As Mr. Randall passed us, Rectus sung out to him, and asked him where we
were now.

"Off Hatteras," said he, quite shortly.

I didn't think Rectus should have bothered Mr. Randall with questions
when he was so busy; but after he went into the captain's room, the men
did not seem to have much to do, and I asked one of them how deep it
was.

"About seventeen fathoms," said he.

"Can we see Cape Hatteras?" I said, trying to get a good look landward
as the vessel rolled over that way.

"No," said the man. "We could see the light just before day-break, but
the weather's gettin' thick now, and we're keepin' out."

It was pretty thick to the west, that was true. All that I could see in
the distance was a very mixed-up picture of wave-tops and mist. I knew
that Cape Hatteras was one of the most dangerous points on the coast,
and that sailors were always glad when they had safely rounded it, and
so I began to take a good deal of interest in what was going on. There
was a pretty strong wind from the south-east, and we had no sail set at
all. Every now and then the steamer would get herself up on top of a big
wave, and then drop down, sideways, as if she were sliding off the top
of a house. The mate and the captain soon came out on deck together, and
the captain went forward to the pilot-house, while Mr. Randall came over
to his men, and they got ready to throw the lead again. It didn't seem
to me that the line ran out as far as it did the last time, and I think
I heard Mr. Randall say, "Fourteen." At any rate, a man was sent forward
to the pilot-house, and directly we heard the rudder-chains creaking,
and the big iron arms of the rudder, which were on deck, moved over
toward the landward side of the vessel, and I knew by that that the
captain was putting her head out to sea. Mr. Randall took out the tallow
from the lead and laid it in an empty bucket that was lashed to the
deck. He seemed to be more anxious now about the depth of water than
about the kind of bottom we were passing over. The lead was just about
to be thrown again, when Rectus, who had taken the tallow out of the
bucket, which stood near us, and had examined it pretty closely, started
off to speak to Mr. Randall, with the tallow in his hand.

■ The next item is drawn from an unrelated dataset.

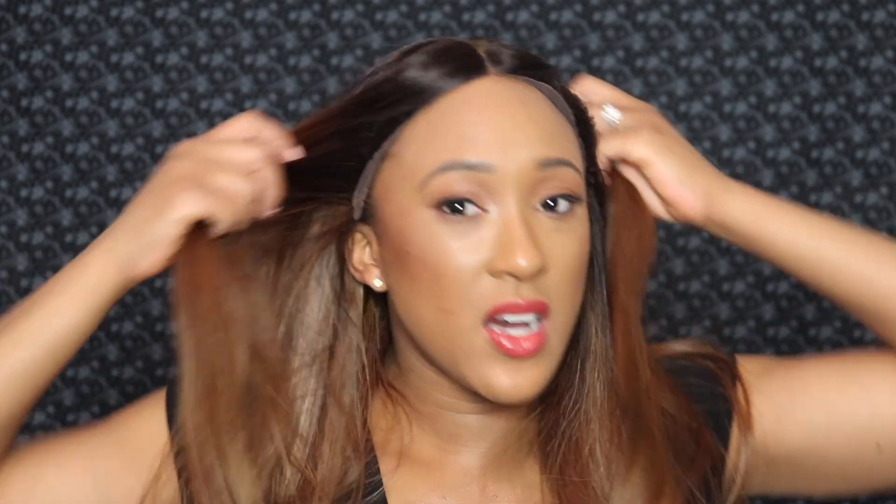I have it on the tightest hooks like I usually wear my wigs, and it's really just the cap — the cap is pretty small. I realized that when I was putting it on my head and had to kind of yank it forward. This wig is not big head friendly, so please be mindful of that. If you have a larger head, it's probably not the one for you, sis. Honestly and truly.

[Illustration: "'HOLD YOUR TONGUE!' ROARED MR. RANDALL."]

"Look here!" said Rectus, holding on to the railing. "I'll tell you what
would be a sight better than tallow for your leads. Just you get some
fine, white Castile-soap, and----"

"Confound you!" roared Mr. Randall, turning savagely on him. "Hold your
tongue! For three cents I'd tie you to this line and drag the bottom
with you!"

Rectus made no answer. He didn't offer him the three cents, but came
away promptly, and put the piece of tallow back in the bucket. He didn't
get any comfort from me.

"Haven't you got any better sense," I said to him, "than to go, with
your nonsense, to the first officer at such a time as this? I never saw
such a boy!"

"But the soap _is_ better than the tallow," said Rectus. "It's finer and
whiter, and would take up the sand better."

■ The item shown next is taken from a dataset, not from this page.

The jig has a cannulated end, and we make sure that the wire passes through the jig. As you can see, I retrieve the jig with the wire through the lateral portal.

"No, it wouldn't," I growled at him; "the water would wash it out in
half a minute. You needn't be trying to tell anybody on this ship what
they ought to do."

"But supposing----" said he.

"No," I exclaimed, in a way that made him jump, "there's no supposing
about it. If you know their business better than they do, why, just let
it stand that way. It wont hurt you."

I was pretty mad, I must say, for I didn't want to see a fellow like
Rectus trying to run the ship. But you couldn't stay mad with Rectus
long. He didn't mean any wrong, and he gave no words back, and so, as
you might expect, we were all right again by breakfast-time.

The next morning we were surprised to feel how warm it was on deck. We
didn't need our overcoats. The sea was ever so much smoother, too. There
were two or three ladies on deck, who could walk pretty well.

About noon, I was standing on the upper deck, when I saw Rectus coming
toward me, looking very pale. He was generally a dark sort of a boy, and
it made a good deal of difference in him to look pale. I was sure he was
going to be sick, at last,--although it was rather queer for him to
knock under when the voyage was pretty nearly over,--and I began to
laugh, when he said to me, in a nervous sort of way:

"I tell you what it is, I believe that we've gone past the mouth of the
Savannah River. According to my calculations," said he, pointing to a
spot on his map, which he held in his hand, "we must be down about here,
off the Georgia coast."

I have said that I began to laugh, and now I kept on. I just sat down
and roared, so that the people looked at me.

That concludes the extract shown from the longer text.